Diavolaccio di un De Laurentiis, capace di portarsi a casa uno dei pochi allenatori capaci di ammortizzare in modo indolore la dolorosa separazione con Sarri. Tre giorni fa, al solo pensiero di un addio dell’allenatore dei record e della grande bellezza, c’era da tremare e temere.
Ci ha messo del suo l’ormai scarico tecnico di Figline Valdarno, tirando troppo la corda per giocare su più tavoli, facendo spazientire più d’uno con quella voglia di andare a cena e basta, soprattutto il patron azzurro, che con quel «tempo scaduto» aveva già decretato la fine del legame. Altro che tempi supplementari, altro che tempi da crisi di governo italiano, la partita azzurra era già chiusa con la melina di Sarri, celatosi dietro l’amore della tifoseria e ai fastidi di parte di essa per De Laurentiis. Maurizio, con la gente dalla sua, si era preso il Napoli ma sapeva di non volerlo più come un tempo, ed era di fatto diventato un antagonista per Aurelio. Era ormai il Napoli di Sarri, e De Laurentiis non vedeva l’ora di riprenderselo con una prova di forza. La sua sicurezza, ai limiti della sicumera, lasciava intendere che aveva già le spalle ben coperte. Stava per iniziare un’altra partita, quella dell’ingaggio di Ancelotti. Giusto il tempo di festeggiare uno splendido secondo posto col sapore del primo, un po’ come il premio della critica per la bellissima E dimmi che non vuoi morire al festival di Sanremo del 1997, quando vinse Fiumi di parole dei Jalisse.
Finisce la grande bellezza del Napoli, immensa. Finisce l’afflato tra piazza a tecnico. Avremmo voluto tutti che non succedesse, ma non c’erano più le condizioni per continuare. È giusto che il toscano vada a dimostrare il suo valore altrove. Non ci sarà più il gran condottiero, l’uomo che ha difeso Napoli, che ha chiesto la sospensione di una partita per discriminazione, che ha mostrato il dito medio al razzista e che sarebbe pure sceso dal pullman per fargli rimangiare le offese. Chi arriva, di tutt’altro carattere e di ben altra origine, non farà mai nulla del genere, ma proverà certamente a dare la grande gioia ai napoletani.

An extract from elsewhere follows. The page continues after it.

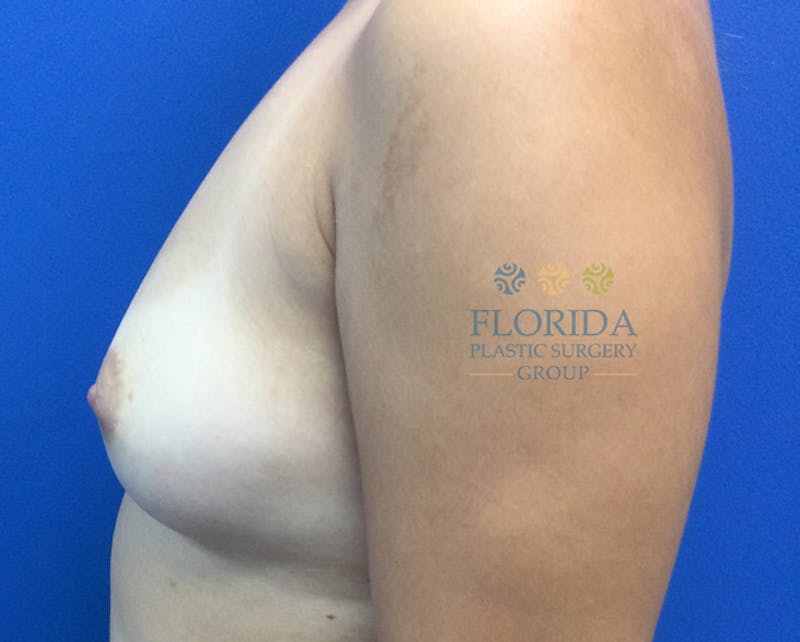 Saline Breast Augmentation Before & After Gallery - Patient 154948928 - Image 3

Mossa giusta del presidente, che ha ben capito quanto le motivazioni di Sarri fossero ormai esaurite, e che Sarri avrebbe trascinato con sé la squadra nell’anonimato. Il refrain del «quest’anno o mai più» era pronto a farsi realtà. Dopo una stagione intensa e assi logorante, in cui l’allenatore e i suoi hanno dato davvero tutto, proseguire la rotta con un timoniere senza nerbo non avrebbe portato da nessuna parte. Era necessaria una virata decisa, era necessaria una nuova guida carica di stimoli da distribuire a chi è indeciso se restare o meno, e a chi arriverà. Chi meglio di don Carlos Ancelotti? E ora tutti a dire che il Napoli può, più di ieri, con tanti saluti al refrain del «quest’anno o mai più». Diavolaccio di un De Laurentiis!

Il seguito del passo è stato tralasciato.